Nous devons systématiser et diffuser le langage de l’agroécologie, créer et diffuser des procédures d’intervention dans les nouvelles normes de production, créer des méthodes de transformation qui tiennent compte non seulement du produit, mais aussi du producteur et du consommateur, afin de permettre à chacun de savoir ce qu’il mange, qui le produit et comment. Jusqu’à présent, ceux qui se sont préoccupés de ces questions étaient divisés en de nombreuses organisations, de nombreuses réalités, parfois sans langage commun. Il s’agit de recréer localement la toile d’araignée qui peut nous soutenir et nous relier au monde.

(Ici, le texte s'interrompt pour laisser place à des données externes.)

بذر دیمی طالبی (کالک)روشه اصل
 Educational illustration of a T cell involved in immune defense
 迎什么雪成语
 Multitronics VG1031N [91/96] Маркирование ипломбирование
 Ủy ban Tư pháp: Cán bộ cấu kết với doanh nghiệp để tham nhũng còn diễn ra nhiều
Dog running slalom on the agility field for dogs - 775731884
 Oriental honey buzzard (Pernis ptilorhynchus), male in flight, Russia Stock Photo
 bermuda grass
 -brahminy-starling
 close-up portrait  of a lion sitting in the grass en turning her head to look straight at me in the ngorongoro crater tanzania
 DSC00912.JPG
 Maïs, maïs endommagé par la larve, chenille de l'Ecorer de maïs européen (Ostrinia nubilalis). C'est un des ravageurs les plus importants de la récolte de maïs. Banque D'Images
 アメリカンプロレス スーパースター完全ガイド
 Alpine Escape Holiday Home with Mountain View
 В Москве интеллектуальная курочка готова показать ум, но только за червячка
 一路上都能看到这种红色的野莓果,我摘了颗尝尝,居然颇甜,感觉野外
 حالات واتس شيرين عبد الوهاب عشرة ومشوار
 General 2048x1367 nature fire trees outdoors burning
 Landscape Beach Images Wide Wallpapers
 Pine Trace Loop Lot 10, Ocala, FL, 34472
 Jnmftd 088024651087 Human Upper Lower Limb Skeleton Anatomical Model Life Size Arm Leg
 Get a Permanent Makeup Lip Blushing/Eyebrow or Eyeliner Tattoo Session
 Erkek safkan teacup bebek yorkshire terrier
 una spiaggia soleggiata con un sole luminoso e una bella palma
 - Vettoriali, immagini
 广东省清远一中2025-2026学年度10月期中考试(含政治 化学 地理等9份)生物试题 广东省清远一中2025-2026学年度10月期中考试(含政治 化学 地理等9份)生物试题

Ils ont eu beau jeu, ceux qui, jusqu’à présent, ont proposé à la manière du Guépard que “tout change pour que rien ne change”, par le biais de nouvelles “inventions” qui résoudraient nos problèmes, et nous nous en sommes toujours rendu compte très tard. Le développement a toujours été ainsi, proposant de nouveaux objectifs plus lointains dès qu’un objectif était atteint et que l’on découvrait que ce n’était pas le paradis promis, comme ce fut le cas avec la soi-disant révolution verte en Inde ou les 100 quintaux/ha de production de blé tendre en France.

Plantu

L’agroécologie nous invite à accepter la réalité, à vivre avec le changement climatique en essayant d’en réduire les effets négatifs mais surtout en découvrant qu’il est possible d’améliorer notre vie en repartant de l’énergie qui nous entoure et que nous dissipons généralement sans même nous en rendre compte, à partir de la production agricole et du développement d’une économie circulaire intégrale qui remplace le concept obsolète de “bonification intégrale”.